9. Web – tukoblog

The World Wide Web entered the world it is named after in the year 1993, though internal development (within particle-colliding CERN) began back in 1989. As this momentous event happened over three decades ago, it seems not quite right to call it a revolution. No revolution lasts that long. Perhaps we can better think of it as an ‘evolving revolution‘, its basic principles leading to a continuous sequence of revolutionary changes.

Whatever, no one would deny that the www has revolutionised not only computing but its namesake the world.

In computing terms, the www has changed the very nature of computing so that as web sites become more like programs, a program runs less and less for a computer but in a computer: for web sites run in a web browser that runs on a computer.
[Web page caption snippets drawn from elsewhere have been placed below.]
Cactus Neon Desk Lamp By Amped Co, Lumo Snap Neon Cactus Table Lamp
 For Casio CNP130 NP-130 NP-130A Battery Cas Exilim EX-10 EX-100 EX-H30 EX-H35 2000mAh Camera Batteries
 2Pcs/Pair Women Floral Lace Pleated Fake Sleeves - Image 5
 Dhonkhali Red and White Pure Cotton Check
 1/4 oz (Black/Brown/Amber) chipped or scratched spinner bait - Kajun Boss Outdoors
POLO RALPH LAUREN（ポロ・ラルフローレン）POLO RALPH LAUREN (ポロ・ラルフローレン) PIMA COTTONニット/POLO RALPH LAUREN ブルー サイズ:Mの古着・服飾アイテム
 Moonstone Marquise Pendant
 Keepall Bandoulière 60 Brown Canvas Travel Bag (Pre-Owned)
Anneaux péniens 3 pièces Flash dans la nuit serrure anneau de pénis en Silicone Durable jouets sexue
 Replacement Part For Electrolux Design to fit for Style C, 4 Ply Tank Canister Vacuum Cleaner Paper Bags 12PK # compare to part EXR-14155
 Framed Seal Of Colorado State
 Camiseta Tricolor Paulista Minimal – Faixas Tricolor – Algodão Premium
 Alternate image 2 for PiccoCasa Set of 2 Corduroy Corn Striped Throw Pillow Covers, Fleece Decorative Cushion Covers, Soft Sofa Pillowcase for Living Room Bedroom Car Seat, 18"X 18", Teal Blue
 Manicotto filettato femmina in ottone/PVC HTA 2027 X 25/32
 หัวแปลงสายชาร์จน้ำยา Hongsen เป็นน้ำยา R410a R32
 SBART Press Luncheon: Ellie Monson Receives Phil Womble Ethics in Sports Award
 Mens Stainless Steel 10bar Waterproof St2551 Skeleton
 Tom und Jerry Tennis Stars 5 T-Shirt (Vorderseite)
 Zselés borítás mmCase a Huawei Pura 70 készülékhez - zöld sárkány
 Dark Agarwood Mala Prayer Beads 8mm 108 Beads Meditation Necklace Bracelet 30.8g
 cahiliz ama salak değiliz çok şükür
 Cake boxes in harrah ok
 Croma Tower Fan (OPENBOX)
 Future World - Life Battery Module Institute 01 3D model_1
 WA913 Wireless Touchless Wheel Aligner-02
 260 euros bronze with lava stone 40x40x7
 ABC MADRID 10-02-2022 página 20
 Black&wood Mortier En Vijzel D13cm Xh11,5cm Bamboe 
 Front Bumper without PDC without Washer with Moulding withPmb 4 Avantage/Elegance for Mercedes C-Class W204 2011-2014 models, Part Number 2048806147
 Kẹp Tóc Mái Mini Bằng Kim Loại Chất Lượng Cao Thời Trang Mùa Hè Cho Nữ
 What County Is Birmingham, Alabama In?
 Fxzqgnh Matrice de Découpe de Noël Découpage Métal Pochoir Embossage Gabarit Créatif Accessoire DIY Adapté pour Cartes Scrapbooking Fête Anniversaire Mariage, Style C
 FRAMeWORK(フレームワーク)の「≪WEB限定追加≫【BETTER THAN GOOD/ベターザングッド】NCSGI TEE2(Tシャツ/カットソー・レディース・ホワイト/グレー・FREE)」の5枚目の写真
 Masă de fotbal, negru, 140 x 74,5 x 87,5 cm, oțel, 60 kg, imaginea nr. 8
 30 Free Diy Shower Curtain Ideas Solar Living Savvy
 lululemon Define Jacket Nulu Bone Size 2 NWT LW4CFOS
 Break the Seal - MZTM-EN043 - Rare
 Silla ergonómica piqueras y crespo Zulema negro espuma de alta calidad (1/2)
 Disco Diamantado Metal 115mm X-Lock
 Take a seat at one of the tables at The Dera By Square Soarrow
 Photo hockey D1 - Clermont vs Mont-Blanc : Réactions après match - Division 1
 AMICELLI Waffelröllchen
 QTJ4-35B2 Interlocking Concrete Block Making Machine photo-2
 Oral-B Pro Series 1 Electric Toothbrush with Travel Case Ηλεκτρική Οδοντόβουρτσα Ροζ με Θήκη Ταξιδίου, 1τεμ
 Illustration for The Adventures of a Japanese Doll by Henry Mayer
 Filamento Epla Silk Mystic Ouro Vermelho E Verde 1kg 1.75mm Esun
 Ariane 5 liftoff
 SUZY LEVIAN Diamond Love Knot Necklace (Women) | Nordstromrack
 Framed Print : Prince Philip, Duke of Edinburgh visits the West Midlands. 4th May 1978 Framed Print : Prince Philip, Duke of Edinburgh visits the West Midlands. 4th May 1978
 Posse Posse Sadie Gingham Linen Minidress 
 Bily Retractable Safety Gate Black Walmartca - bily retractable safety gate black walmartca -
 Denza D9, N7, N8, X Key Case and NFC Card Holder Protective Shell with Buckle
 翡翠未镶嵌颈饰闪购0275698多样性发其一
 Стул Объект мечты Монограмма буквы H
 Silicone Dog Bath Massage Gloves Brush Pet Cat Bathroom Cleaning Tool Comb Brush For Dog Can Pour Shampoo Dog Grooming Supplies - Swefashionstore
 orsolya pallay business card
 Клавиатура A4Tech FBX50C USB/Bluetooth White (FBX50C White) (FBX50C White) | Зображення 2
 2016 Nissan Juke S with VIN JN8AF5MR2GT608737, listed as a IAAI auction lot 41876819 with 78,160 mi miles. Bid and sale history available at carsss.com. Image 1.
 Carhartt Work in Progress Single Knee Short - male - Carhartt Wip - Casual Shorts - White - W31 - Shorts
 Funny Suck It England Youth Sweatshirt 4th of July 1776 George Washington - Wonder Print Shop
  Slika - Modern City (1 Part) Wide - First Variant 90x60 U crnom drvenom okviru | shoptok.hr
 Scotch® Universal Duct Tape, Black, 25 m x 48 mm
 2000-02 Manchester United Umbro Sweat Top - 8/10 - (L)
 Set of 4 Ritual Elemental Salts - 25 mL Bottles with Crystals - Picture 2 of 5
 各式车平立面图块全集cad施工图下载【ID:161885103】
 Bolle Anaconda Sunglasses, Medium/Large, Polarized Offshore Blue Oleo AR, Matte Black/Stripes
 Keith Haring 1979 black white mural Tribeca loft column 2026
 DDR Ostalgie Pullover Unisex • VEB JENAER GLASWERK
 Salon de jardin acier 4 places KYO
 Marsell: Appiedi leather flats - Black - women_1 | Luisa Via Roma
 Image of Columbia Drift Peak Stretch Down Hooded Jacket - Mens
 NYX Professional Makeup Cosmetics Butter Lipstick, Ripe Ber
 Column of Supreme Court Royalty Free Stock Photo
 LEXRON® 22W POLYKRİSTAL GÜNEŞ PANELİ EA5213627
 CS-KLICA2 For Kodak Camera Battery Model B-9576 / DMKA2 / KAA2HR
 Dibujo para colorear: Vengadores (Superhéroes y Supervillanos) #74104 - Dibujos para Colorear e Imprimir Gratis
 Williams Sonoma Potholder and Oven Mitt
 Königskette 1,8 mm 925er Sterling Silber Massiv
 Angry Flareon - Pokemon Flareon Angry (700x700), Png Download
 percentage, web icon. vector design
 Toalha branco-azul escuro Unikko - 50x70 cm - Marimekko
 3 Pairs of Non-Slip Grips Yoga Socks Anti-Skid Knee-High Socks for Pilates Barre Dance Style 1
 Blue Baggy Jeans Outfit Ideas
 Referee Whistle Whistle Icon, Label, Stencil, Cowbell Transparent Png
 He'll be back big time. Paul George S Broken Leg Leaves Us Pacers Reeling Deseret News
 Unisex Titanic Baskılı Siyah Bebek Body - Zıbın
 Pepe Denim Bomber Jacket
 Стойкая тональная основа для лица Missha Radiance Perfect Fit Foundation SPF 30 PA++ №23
A web site can be viewed on a PC, a tablet, a phone, a watch or a TV. Same site, different worlds. In the Overton Window of computing, this is perhaps nowadays the worlds wide web.

So what, we ask, were the origins of the www revolution?

Protocol + Language + Reader

There was an internet before the www. The TTY teletype was an interactive system, but much of the early internet was focused on files. Files could be exchanged via FTP (‘File Transfer Protocol’), communications could be exchanged via electronic-mail (in which files were sent to the specified email address) and in message boards, where messages (in other words, files) were sent to a message board server and read by message board members.

This was the environs in which our revolution took place, and the revolution revolved around a language (HTML, ‘Hypertext Markup Language’), a protocol (HTTP, ‘Hypertext Transfer Protocol’) and a reader (the browser). Underlying all these was hypertext.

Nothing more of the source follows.